:: Entries shown

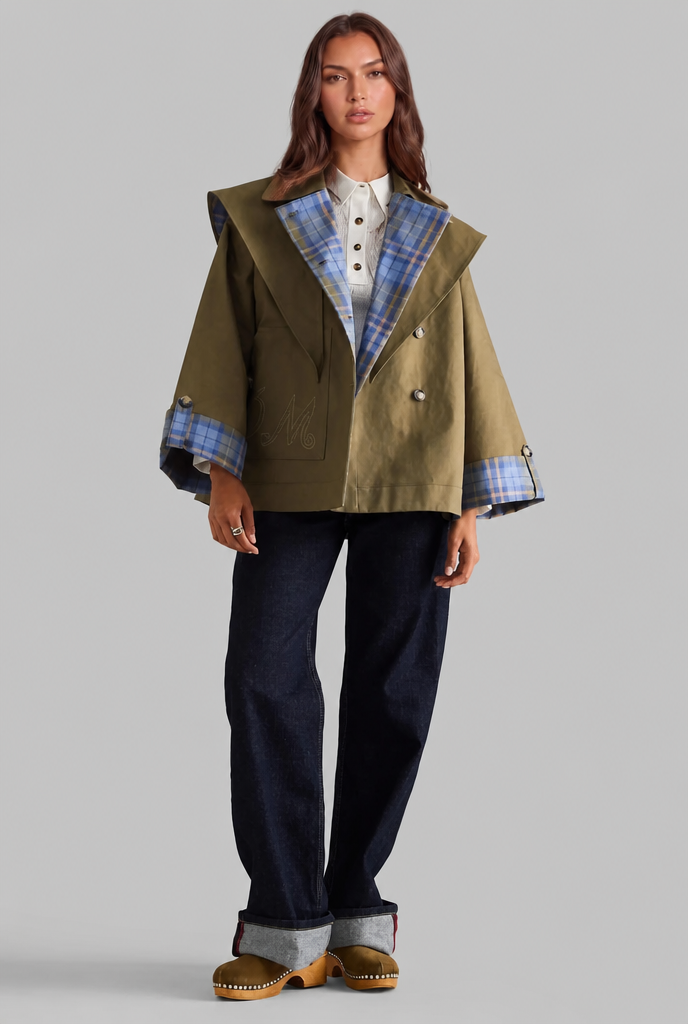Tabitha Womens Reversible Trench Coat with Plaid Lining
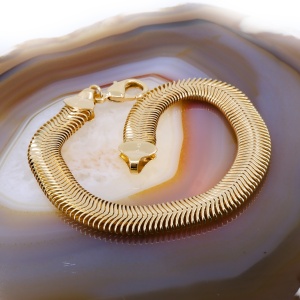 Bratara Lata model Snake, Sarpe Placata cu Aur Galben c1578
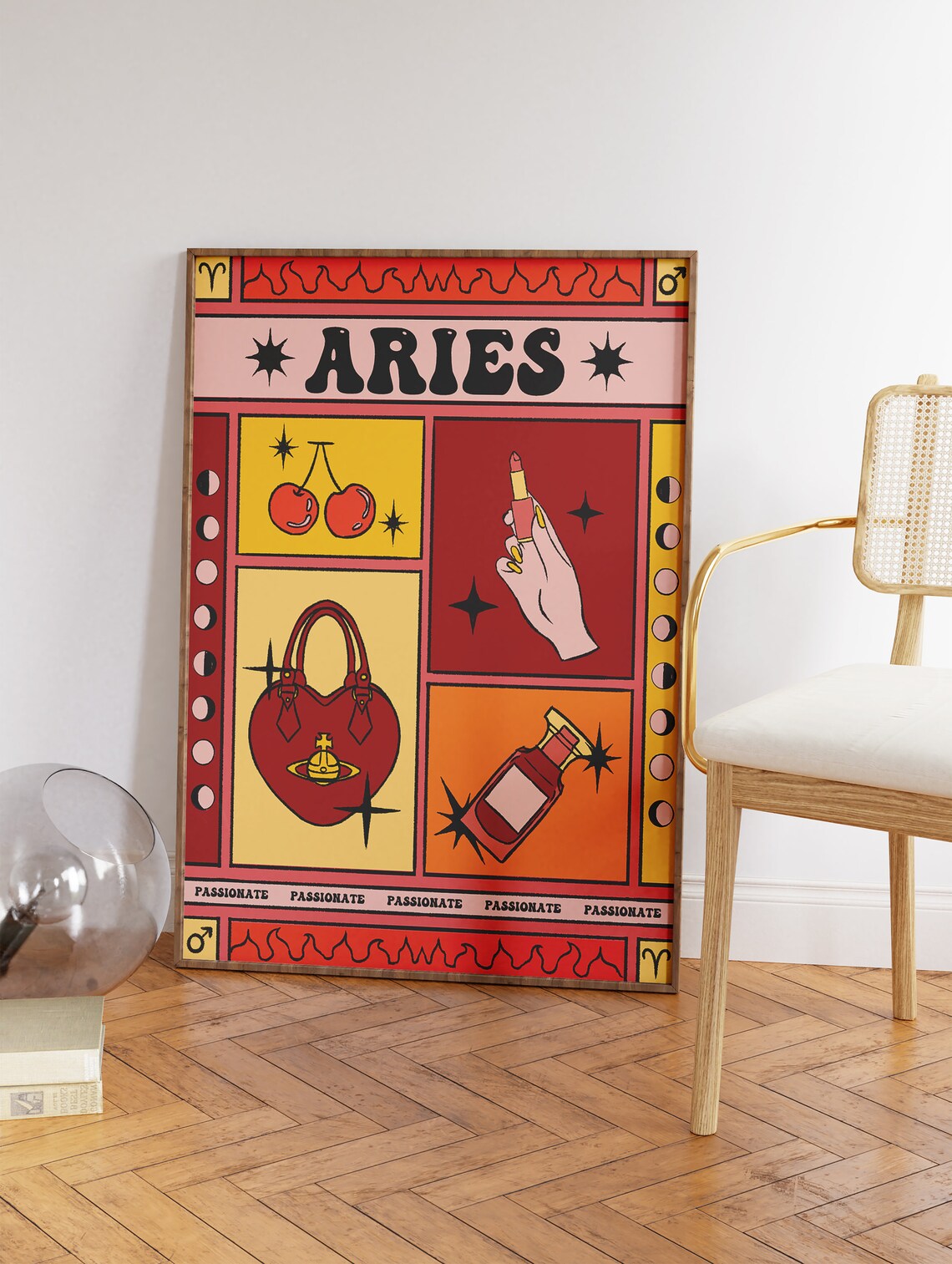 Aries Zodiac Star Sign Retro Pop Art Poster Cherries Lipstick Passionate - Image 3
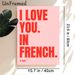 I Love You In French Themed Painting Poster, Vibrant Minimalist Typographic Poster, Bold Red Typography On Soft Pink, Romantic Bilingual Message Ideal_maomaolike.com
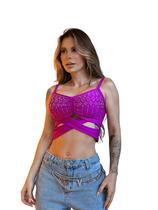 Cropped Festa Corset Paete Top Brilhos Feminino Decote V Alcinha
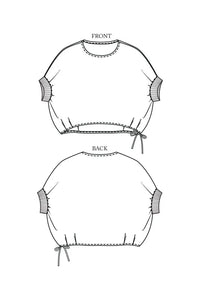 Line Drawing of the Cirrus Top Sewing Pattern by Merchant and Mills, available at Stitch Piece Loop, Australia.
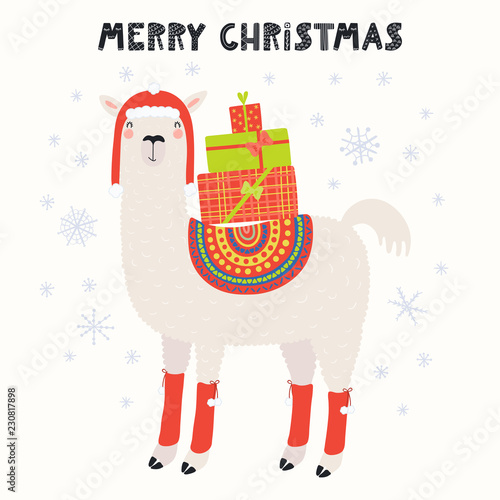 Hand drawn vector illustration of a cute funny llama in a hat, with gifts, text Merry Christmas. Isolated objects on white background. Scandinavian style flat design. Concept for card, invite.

::::
:: Entries shown

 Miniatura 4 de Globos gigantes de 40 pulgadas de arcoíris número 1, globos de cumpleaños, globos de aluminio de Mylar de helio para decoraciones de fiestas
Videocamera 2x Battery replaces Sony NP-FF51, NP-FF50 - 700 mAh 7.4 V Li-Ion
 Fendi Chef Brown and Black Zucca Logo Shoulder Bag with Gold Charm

::::

What the exercise asks: Take the lines above from the one containing "Videocamera 2x Battery" to the one containing "Fendi Chef Brown" and retype them exactly, both ends included, with nothing added.

Output of the task:
Videocamera 2x Battery replaces Sony NP-FF51, NP-FF50 - 700 mAh 7.4 V Li-Ion
 Fendi Chef Brown and Black Zucca Logo Shoulder Bag with Gold Charm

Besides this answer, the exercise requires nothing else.